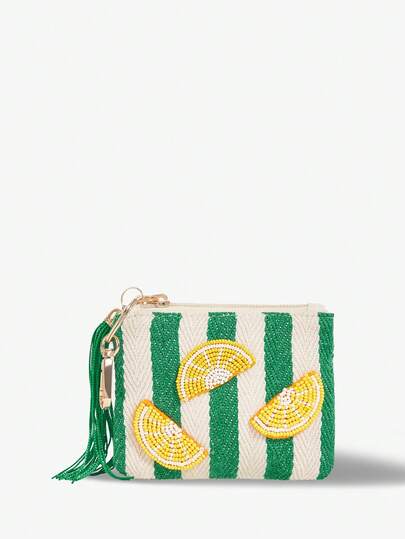 Viva Strut 1pc Fashionable, Simple, Personalized And Fun, Spring And Summer Vacation Style, Green Stripes, Handmade Fruit, Lemon Beads, Fringed Keychain, Change Bag, Spring And Summer Vacation, Beach And Seaside, Best Gift Giving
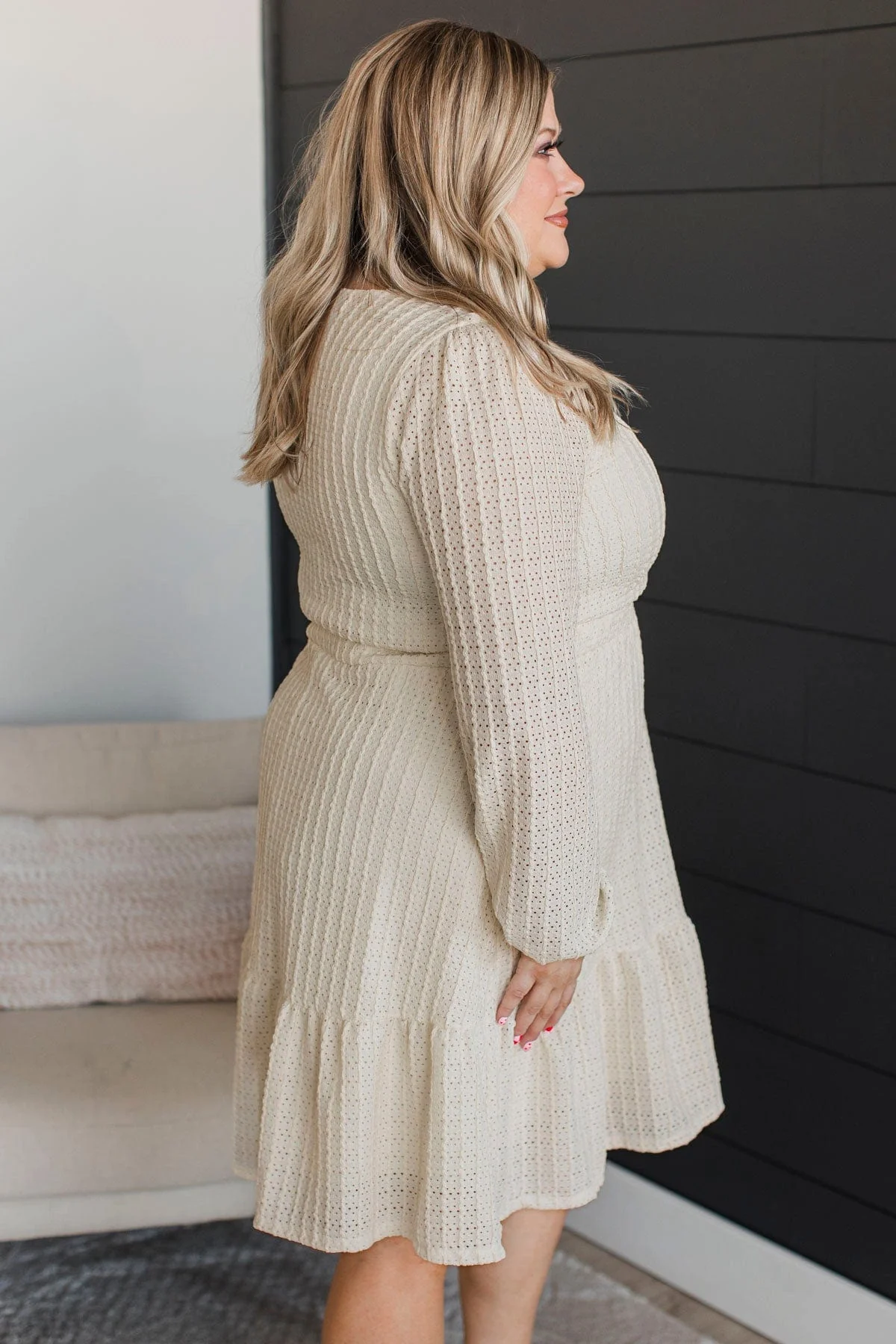 Simply Polished Long Sleeve Dress- Ivory - Image 6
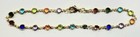 Ankle Bracelet Round Multi Color Dark Stones 9 75 Inch Lg 14k Gold Filled    15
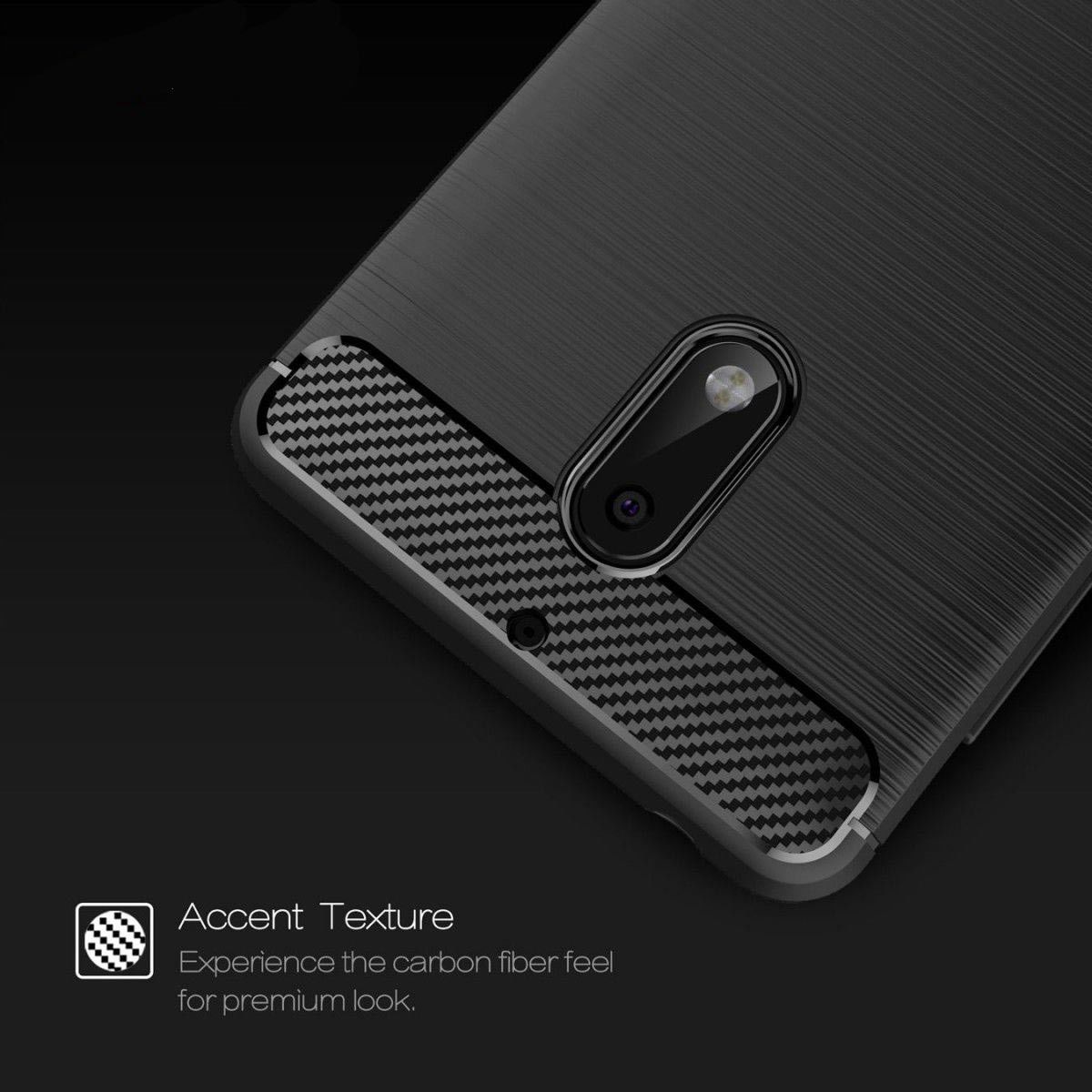 Nokia 6 Geborsteld TPU Hoesje Zwart afbeelding 2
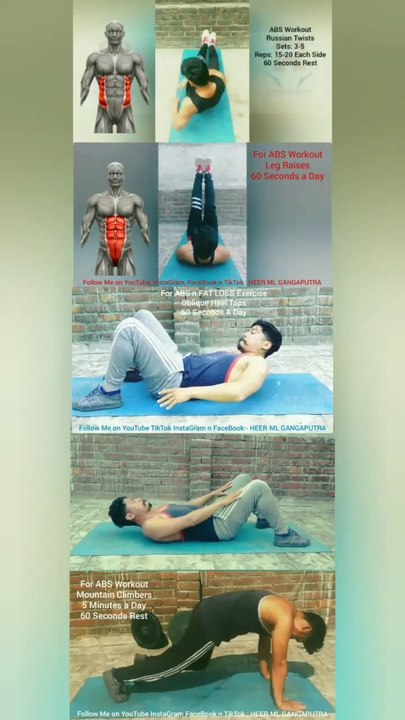 5 Best ABS Exercises  #heermlgangaputra #naturalbodybuilding #workout #sixpack #sixpackabs #fatloss #weightloss #fitness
════
Task to complete: Word for word, return the material, omitting the pictures.

Result of this exercise:
 Viva Strut 1pc Fashionable, Simple, Personalized And Fun, Spring And Summer Vacation Style, Green Stripes, Handmade Fruit, Lemon Beads, Fringed Keychain, Change Bag, Spring And Summer Vacation, Beach And Seaside, Best Gift Giving
 Simply Polished Long Sleeve Dress- Ivory - Image 6
 Ankle Bracelet Round Multi Color Dark Stones 9 75 Inch Lg 14k Gold Filled    15
 Nokia 6 Geborsteld TPU Hoesje Zwart afbeelding 2
 5 Best ABS Exercises  #heermlgangaputra #naturalbodybuilding #workout #sixpack #sixpackabs #fatloss #weightloss #fitness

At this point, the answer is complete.